Brian Flores vs. Matt Patricia: Who Had More New England Patriots Assistants Leave with Them?

I compared the last two defensive New England Patriots coaches to get head coaching gigs in the NFL.

There’s a fat chance that Matt Patricia is going to be a better head coach than Brian Flores, but let me put the blind conjecture aside to measure one specific thing: who had more fellow New England Patriots assistant coaches join them the next season in their new head coaching venture?

Assistants Leaving with Matt Patricia

~ No. 2 pencil

Actual human beings? Zero.

Please feel free to fact check me (Lions 2018 staff — here; Patriots 2017 staff — here), but I looked at every position on the coaching staffs, from head coach to strength and conditioning.

Assistants Leaving with Brian Flores

~ Chad O’Shea and (reportedly) Jerry Schuplinski

Now, what does this all mean? One could argue nepotism became Adam Gase’s achilles heel, how is this scenario different? There’s a system of checks and balances on Brian Flores’ staff as it relates to nepotism and proven commodities, or at least the intention appears to be there depending on whether individuals accept the job or not. Bring my WR coach and assistant QB coach to be the new offensive coordinator and QB coach? OK, let’s bring in Jim Caldwell, too. Patrick Graham (previous coaching experience with Flores) gets paired with Dom Capers.

Again, to be transparent, nothing official has happened with Schuplinski, Graham, Caldwell, or Capers — but there’s enough smoke to know there’s at least some embers developing, whether or not it turns robust enough to melt our marshmallows.

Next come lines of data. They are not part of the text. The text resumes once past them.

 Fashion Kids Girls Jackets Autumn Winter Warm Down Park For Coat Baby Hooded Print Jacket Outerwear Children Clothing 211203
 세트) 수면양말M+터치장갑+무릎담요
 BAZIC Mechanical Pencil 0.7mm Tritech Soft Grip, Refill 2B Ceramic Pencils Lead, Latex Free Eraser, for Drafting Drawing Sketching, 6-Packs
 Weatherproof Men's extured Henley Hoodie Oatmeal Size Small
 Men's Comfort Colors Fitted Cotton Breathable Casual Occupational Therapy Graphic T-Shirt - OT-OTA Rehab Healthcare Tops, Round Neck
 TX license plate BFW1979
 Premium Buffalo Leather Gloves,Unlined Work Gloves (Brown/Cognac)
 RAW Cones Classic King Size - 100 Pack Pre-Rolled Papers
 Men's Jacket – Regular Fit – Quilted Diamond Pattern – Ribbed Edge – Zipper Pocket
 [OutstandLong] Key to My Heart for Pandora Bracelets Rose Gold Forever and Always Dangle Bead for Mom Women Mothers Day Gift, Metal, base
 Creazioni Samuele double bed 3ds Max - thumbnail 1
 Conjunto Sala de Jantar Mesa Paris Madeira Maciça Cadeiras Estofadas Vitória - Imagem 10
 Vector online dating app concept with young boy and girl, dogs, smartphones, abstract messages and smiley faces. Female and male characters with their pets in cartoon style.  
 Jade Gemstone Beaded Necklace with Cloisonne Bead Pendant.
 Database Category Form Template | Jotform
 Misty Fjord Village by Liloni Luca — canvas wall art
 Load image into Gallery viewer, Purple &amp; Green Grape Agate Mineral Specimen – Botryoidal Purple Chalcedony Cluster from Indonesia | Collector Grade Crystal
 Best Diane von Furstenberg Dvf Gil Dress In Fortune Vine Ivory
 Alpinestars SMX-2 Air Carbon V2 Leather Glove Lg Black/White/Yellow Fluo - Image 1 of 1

The thought process is clear: a complementary coaching staff.

It’s tough to get multiple assistants from the New England Patriots, period. Brian Flores has been able to pry at least one, likely two. It’s a coup in itself. According to NFL rules, teams can block interviews with assistant coaches under contract, as long as the requested interview is not for a head coaching position. Let’s just say New England breaks knows the rules as well as anyone.

You may rightfully be unimpressed with the comparison to Matt Patricia, but we can gather that maybe, just maybe, Flores is trying to learn from his predecessors’ mistakes. If Flores is to be the first Patriots assistant coach to leave the nest and find success, it’ll start right here and right now with the formulation of his coaching staff.

You don’t have to let your jadedness or cynicism go anywhere, but when you compare the last two key defensive coaching cogs to leave Foxborough for head coaching positions and the Patriots colleagues they’d take with them, know that the score is Flores one (probably two), Patricia glazed donut.